Who This Setup Is For

Wren AI makes sense for teams that already run a live transactional or analytical database and want non-technical colleagues to get answers from it without submitting data requests to an analyst. A sales ops manager who needs weekly pipeline reports, an account manager who needs customer order history, a finance analyst who queries monthly revenue without involving the data team. If your current bottleneck is that data lives in a database only engineers can query, Wren AI removes that barrier.

If your data primarily lives in uploaded CSV files or spreadsheet exports rather than a live database, VSLZ lets you run the same natural-language query flow from a direct file upload with no Docker setup required.

Next Steps After Your First Query

Once you have a working query, three things are worth doing before sharing the instance with your team. First, add at least five saved example queries to the Wren AI question catalog. These ground the semantic retrieval step and measurably improve answer relevance for follow-up questions. Second, review the user access controls in the settings panel before inviting colleagues. You can restrict which users can see which tables, which matters for schemas that mix sensitive and general-purpose data. Third, set up the Wren AI API if you want query results to flow automatically into downstream systems such as Slack reports or scheduled spreadsheet refreshes. The API supports webhook callbacks and scheduled queries.

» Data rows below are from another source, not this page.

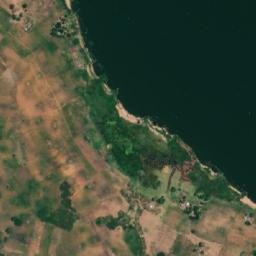 Satellite imagery of 1700610048, TZ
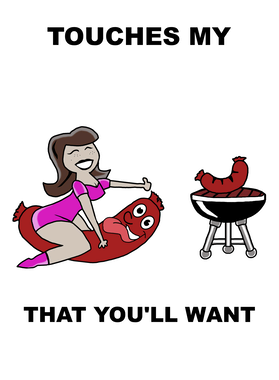 https://s3.us-west-1.wasabisys.com/ecart-content/boredshirtless.com/overlays/390/853/39085386.png img
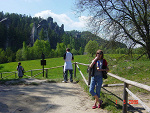 Fotoblog zbymag656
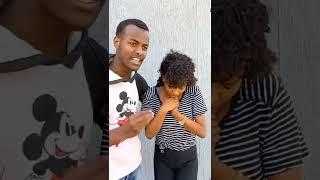 Ethiopian music Video challenge| Veronica Adane - Tefet Alegn|Maki Kb - Denegete|Hana Girma - Keteme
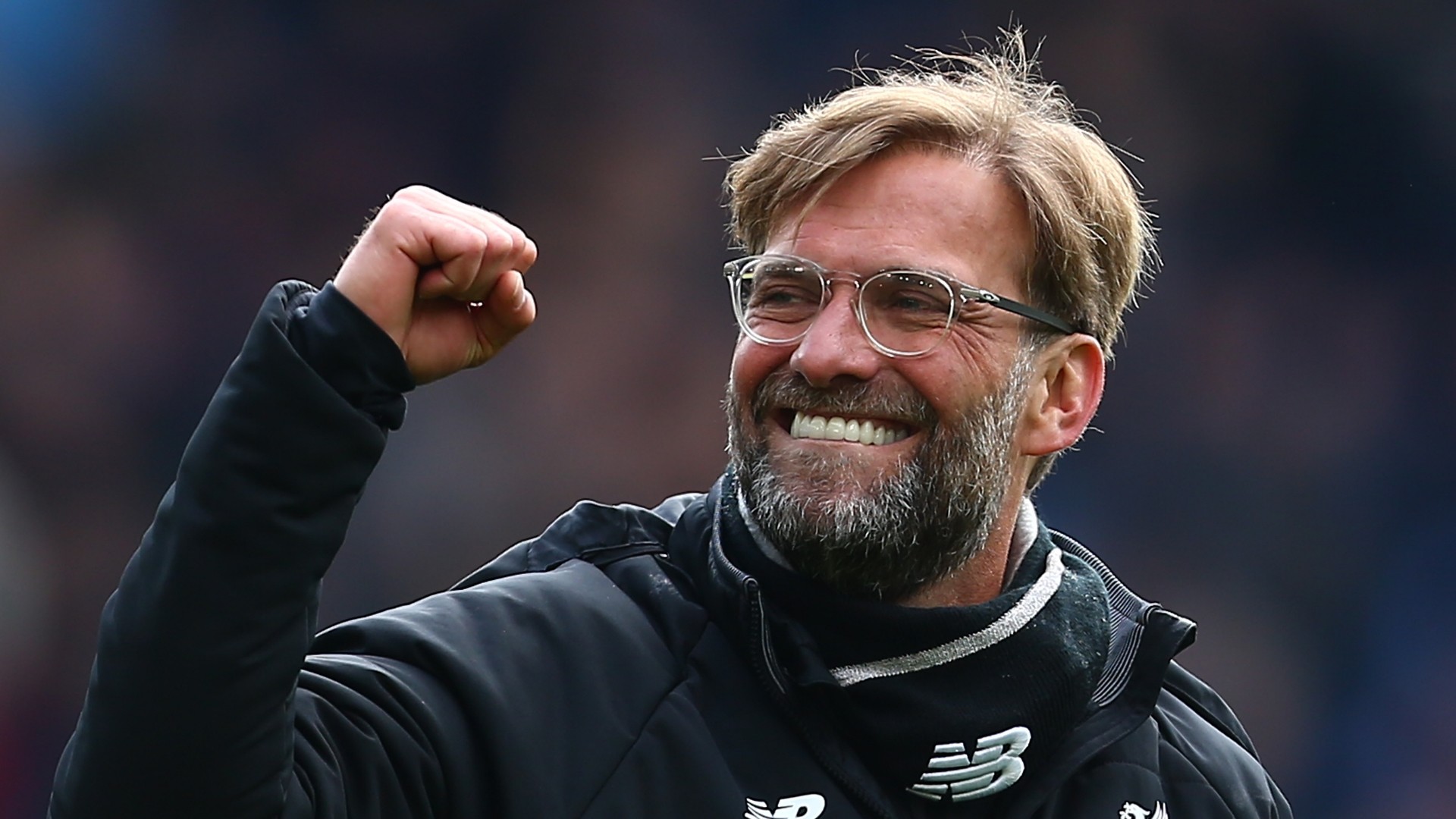Góc Liverpool: Klopp đã có tất cả, vậy The Kop có gì? - Bóng Đá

Wren AI has over 12,000 GitHub stars and an active community of 1,500 in Discord. Most issues on the public tracker receive responses within 48 hours.

FAQ

Does Wren AI require a database, or can it work with CSV files?

Wren AI is designed to connect to live databases: PostgreSQL, MySQL, BigQuery, Snowflake, ClickHouse, DuckDB, Amazon Redshift, Microsoft SQL Server, and several others. It does not natively ingest raw CSV uploads as a standalone data source. For CSV-first workflows without a running database, DuckDB (which Wren AI supports as a data source) can be loaded with CSV data via a quick CLI command, giving you a DuckDB file you can connect to Wren AI.

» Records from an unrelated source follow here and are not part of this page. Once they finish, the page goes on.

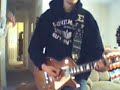 fallout boy sugar were going down cover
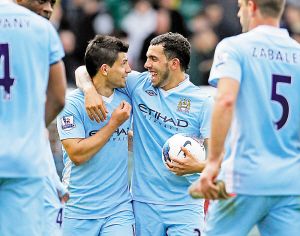 这些都使得 这些都使得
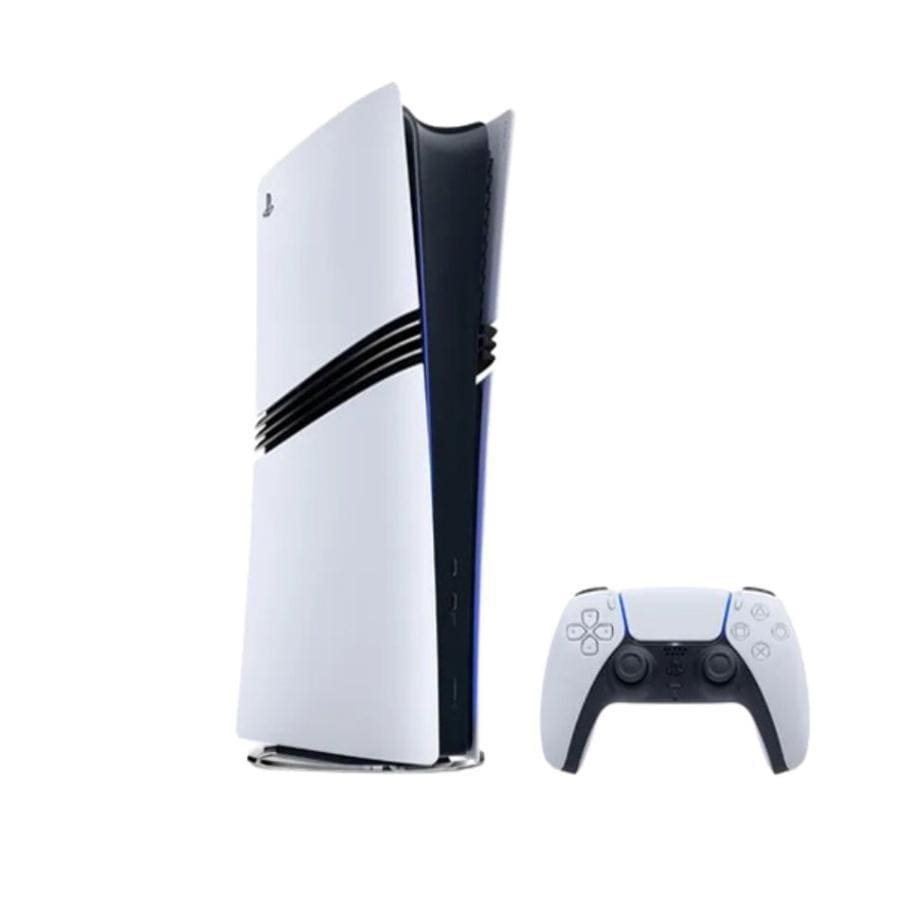 新品 箱不良・シュリンク破れ品】PS5 2024年 プレイステーション5 本体 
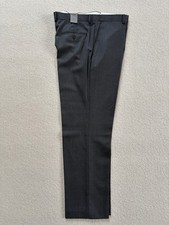 BNWT John Lewis 100% Pure Wool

What LLMs does Wren AI support?

Wren AI supports OpenAI models (GPT-4o is recommended for best accuracy), Anthropic Claude, Google Gemini, and any OpenAI API-compatible endpoint including local Ollama models. The LLM provider is set in the .env file at setup time. Teams with strict data residency requirements typically use Ollama with a locally hosted model so queries and schema details never leave the network.

How long does the semantic modeling step take?

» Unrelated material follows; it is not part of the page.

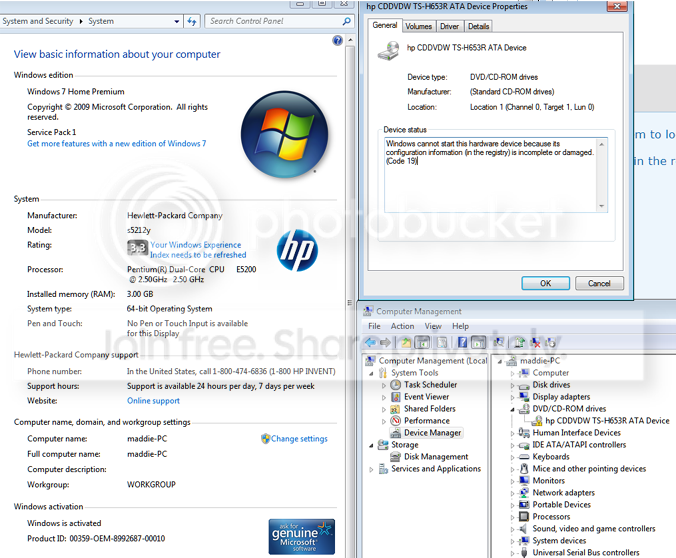Computerstats_zpsc74434ef.png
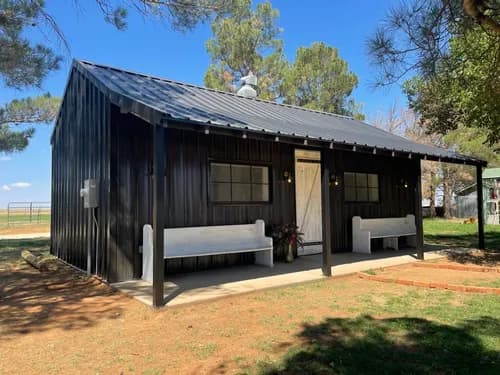 Best Protect Roofing & Construction - Photo 4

For a focused schema with 10 to 20 tables, basic modeling (adding descriptions to key columns, defining relationships, and adding two or three calculated fields) typically takes 20 to 30 minutes. The more descriptions you add, the more accurate the AI-generated queries become. Wren AI's documentation recommends spending at least this time upfront before inviting team members to use the system, as answer quality is directly correlated with how well the semantic model describes the data.

Is Wren AI free to use?

Wren AI is open source under the Apache 2.0 license and free to self-host. You incur costs for the LLM API calls (typically OpenAI tokens per query), your own infrastructure for running Docker containers, and any database costs you already have. Wren AI does not charge per query or per seat in the self-hosted version. The company also offers a cloud version with managed hosting; pricing for that tier is available on request from the Wren AI team.

How accurate is the SQL Wren AI generates?

Accuracy depends heavily on how well the semantic model is configured. With a well-described schema (column descriptions, defined relationships, calculated fields for key metrics), Wren AI performs reliably on single-table aggregations, multi-table joins, and standard filter operations. Wren AI's own published benchmarks report roughly 60 percent fewer incorrect queries compared to direct LLM-to-database generation without a semantic layer. Complex CTEs, nested subqueries, and recursive patterns still benefit from human review of the generated SQL before accepting results.